When my Cubs days ended, I didn’t look for another big league opportunity. With a family and young children, I didn’t need that life anymore. The nights … the weekends … the being “there” physically, but being “somewhere else” mentally because of something going on at work … the inability to ever escape the grind, since the baseball season actually is harder during the off-season than the day-to-day of in-season.
Baseball can be tremendously tough on a family. I was lucky, because my wife worked in pro sports and understood the life. The reality is that I saw too many good people have their family lives spin out of control because Dad wasn’t around very much.
My last full year with the Cubs (2011), I was away from the Chicago area 13 full weeks – a full one-fourth of the year. As much as I loved what I was doing workwise, was it really worth it?

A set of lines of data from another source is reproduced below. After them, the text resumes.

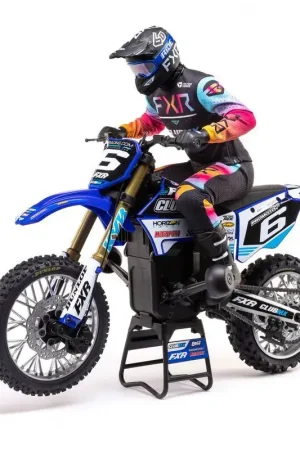 Uitverkoop Losi 1/4 Promoto-MX motor RTR - Club MX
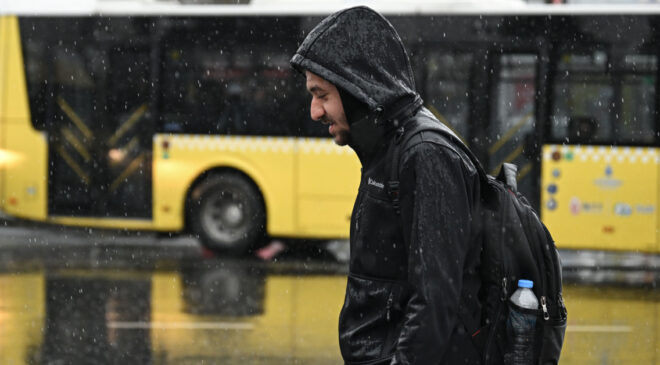 İstanbul’da Akşam Yağış Uyarısı: Sel, Su Baskını ve Ulaşım Aksaklıklarına Dikkat!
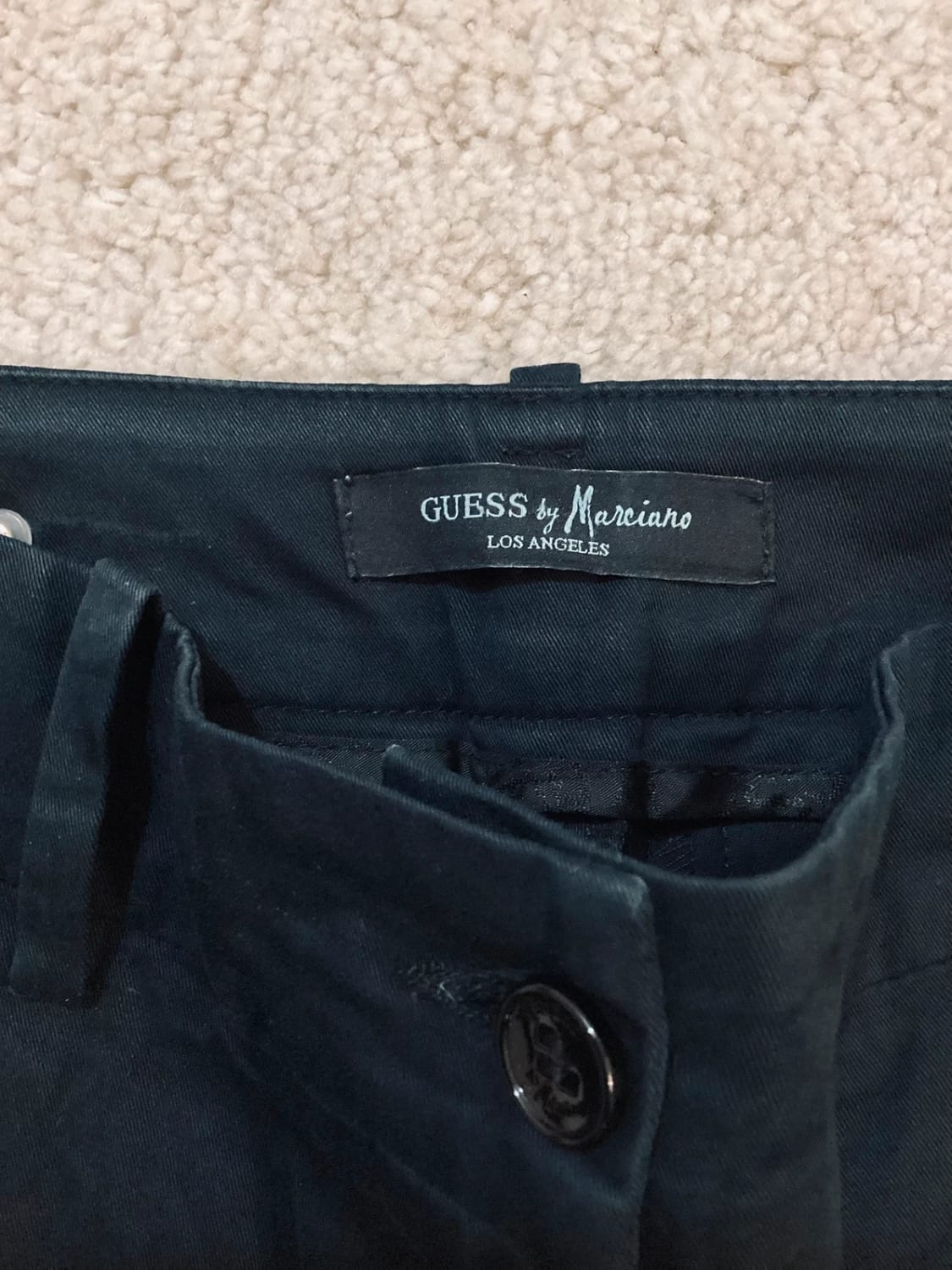 Pantalon Guess by Marciano Noir - IT38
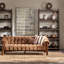 Marine Solid Wood Bookcase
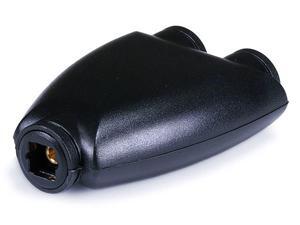 Monoprice S/PDIF (Toslink) Digital Optical Audio Splitter Monoprice S/PDIF (Toslink) Digital Optical Audio Splitter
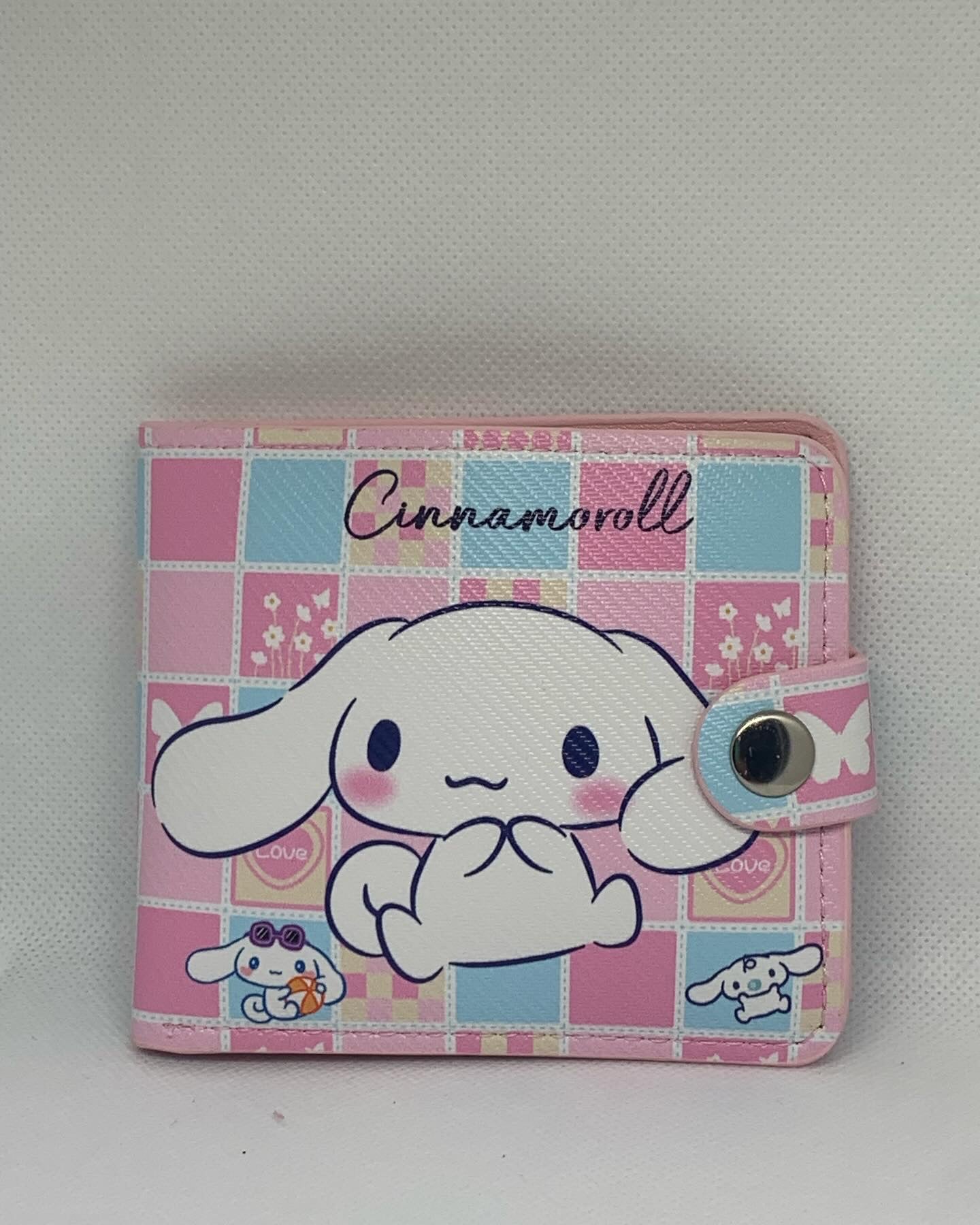 *New* Sanrio wallet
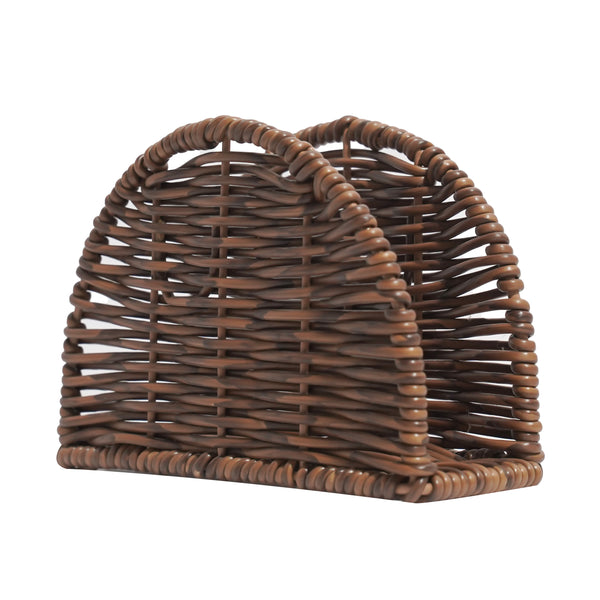 Wooden Tissue Holder U Shape - Image 1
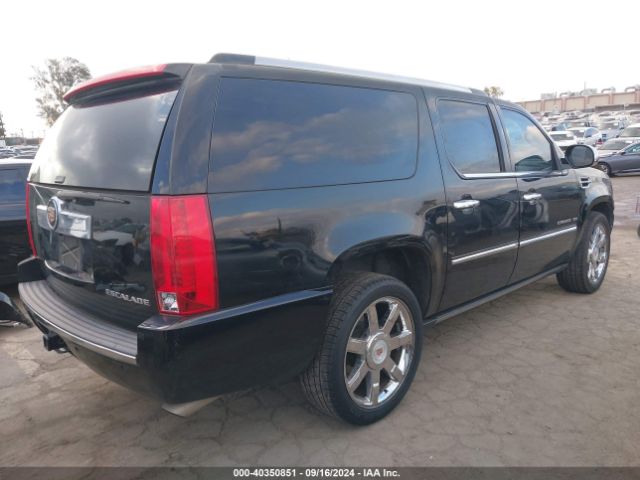 1GYS4HEFXER227931 Cadillac Escalade Esv Luxury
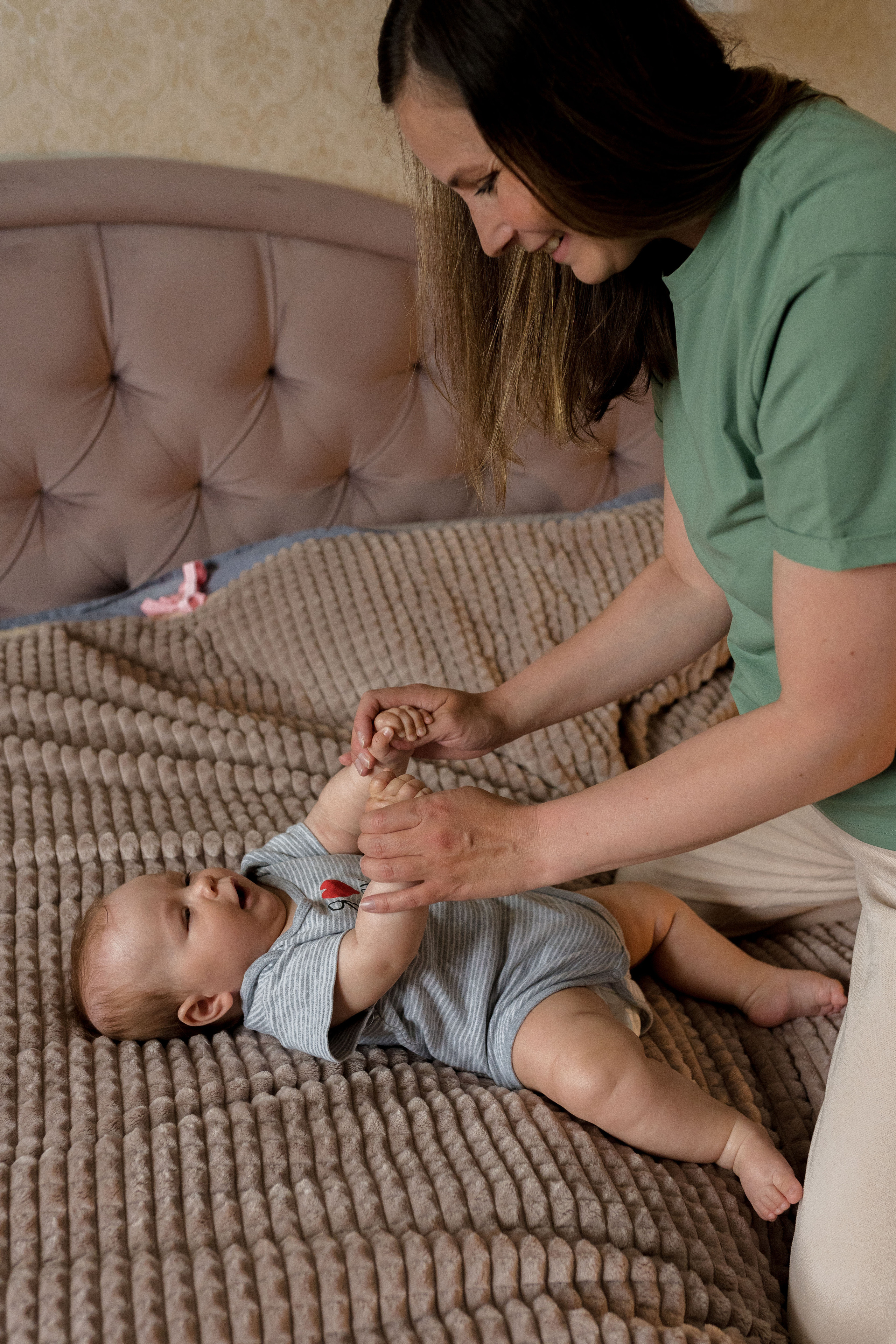 Семейная фотосессия в Москве, семейный фотограф Анна Полушина. Свадебный фотограф в Москве Анна Полушина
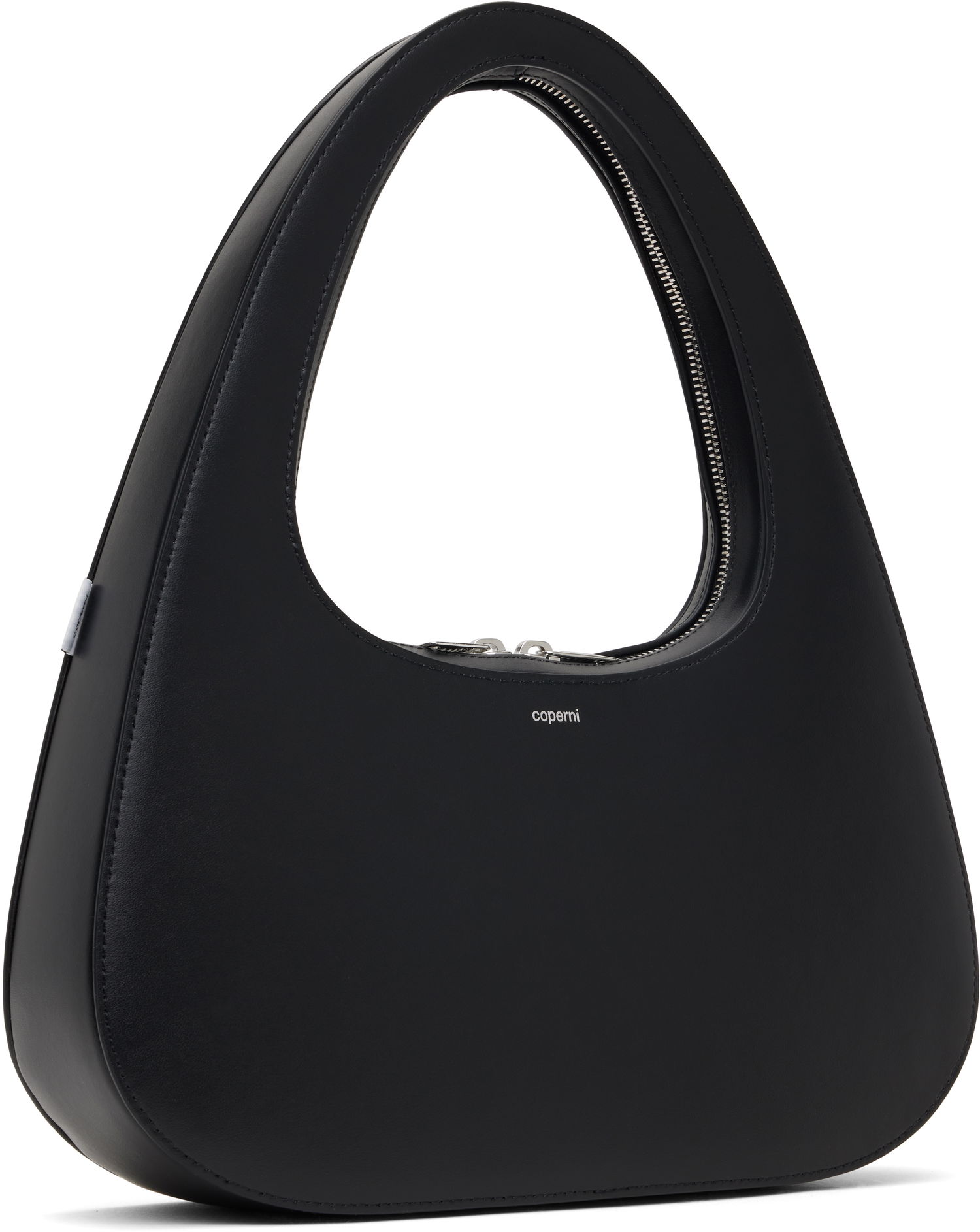 Torbica Coperni Baguette Swipe Bag Črna | COPBA85405, 1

Why did I do it as long as I did? I worked for the frickin’ Chicago Cubs, that’s why. I wasn’t just living my dream; I was living many people’s dream lives. When you’re part of it, the rest of the world can oftentimes be floating on the periphery.
But then you’re not there anymore, and you can reflect. And this is what I realized right away … All the hotel points and my annual awesome Cactus League farmer’s tan will never cancel out the fact that I missed my girls’ first season of AYSO soccer – as I wasn’t available to get there any Sunday. I missed their second grade music show, as I was already in spring training. I was out of town when they first began reading, and all I could do was listen to their excitement on the phone when they called me to tell me about it. I was on the road when they decided they were done with diapers and that they were big girls now – and toilet-trained themselves. On that one, all I could do was listen to the excitement on the phone when my wife called me to tell me about that.
In the grand scheme of things, my daughters don’t care that I wasn’t around for those events. But I did. As they close in on their teenage years, they probably don’t want me around as much as I am now. But they don’t get to make that choice … I do.
And no team should be making you choose between baseball and your family.